Whereas Washington backed Israel in its war last summer against Hizbullah in Lebanon, Hizbullah’s anti-tank weapons, which successfully knocked out dozens of Israel’s tanks, were of Russian manufacture -- even if supplied indirectly via Iran and Syria.


The United States has followed Israel’s lead in boycotting Hamas after its victory at the democratic Palestinian elections of January 2006. Russia has argued in favour of a dialogue with Hamas, and invited its leaders to Moscow.


Washington fears that North and sub-Saharan Africa may become a new base for terrorist activities. Russia, in contrast, has criticised America’s obsession with terrorism, and has agreed to supply Algeria with $7.5 billion worth of tanks, aircraft and anti-aircraft missiles.


Another new actor on the Middle East scene is German Chancellor Angela Merkel. Because of its Nazi past, Germany will never put serious pressure on Israel, but on her recent Middle East tour, Merkel displayed considerable independence by arguing in favour of engaging with Syria, and of a two-state solution to the Arab-Israeli conflict.


As new actors enter the Middle East arena, others prepare to depart.


This spring, two European leaders, Britain’s Prime Minister Tony Blair and France’s President Jacques Chirac, will be passing from the national and international scene. Both will have been in power for a decade. Both leave behind a mixed record.


Blair will be handing the reins over to his long-serving Chancellor of the Exchequer Gordon Brown, while the coming French elections in April-May are expected to put either the right-wing Nicolas Sarkozy or the socialist Ségolène Royal in the Elysée Palace.


There is a one percent chance that Chirac might attempt to stand again. But, after forty years in public life -- as mayor of Paris, prime minister and president -- this is highly unlikely. He was recently quoted as saying that there was life after politics.


Blair’s creditable domestic record as prime minister has been fatally tarnished by his decision to join the United States in the war against Iraq -- a war many consider illegal and waged on fraudulent premises, which has destroyed a major Arab country, encouraged Iran’s ambitions, and spread chaos throughout the region.


Blair has attempted to rescue his reputation by pressing for movement on the Arab-Israeli peace process. But he has been defeated by Washington’s pro-Israeli neo-conservatives, who believe Israel should be free to settle its conflict with the Palestinians, and with Syria and Lebanon, on its own muscular terms, without external pressure or interference. No one knows whether Gordon Brown will be any more successful than Blair in checking American belligerence.

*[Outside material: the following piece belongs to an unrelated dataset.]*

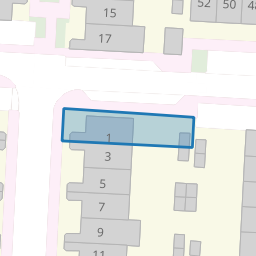 Perceel LMR02-A-3732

Jacques Chirac’s main claim to fame in the Middle East is that he opposed the war in Iraq from the very start -- an act of vision and political courage, which won him considerable popularity among Arabs. He threw some of this credit away, however, by joining the United States in pressing for Syria’s withdrawal from Lebanon and by conducting a personal feud against Syria’s President Bashar al-Asad (whom he suspects of responsibility for the assassination of Chirac’s close friend, Lebanon’s former premier Rafiq Hariri). Chirac has also opposed Hizbullah in its challenge to the Lebanese government and has followed America’s lead in boycotting Hamas.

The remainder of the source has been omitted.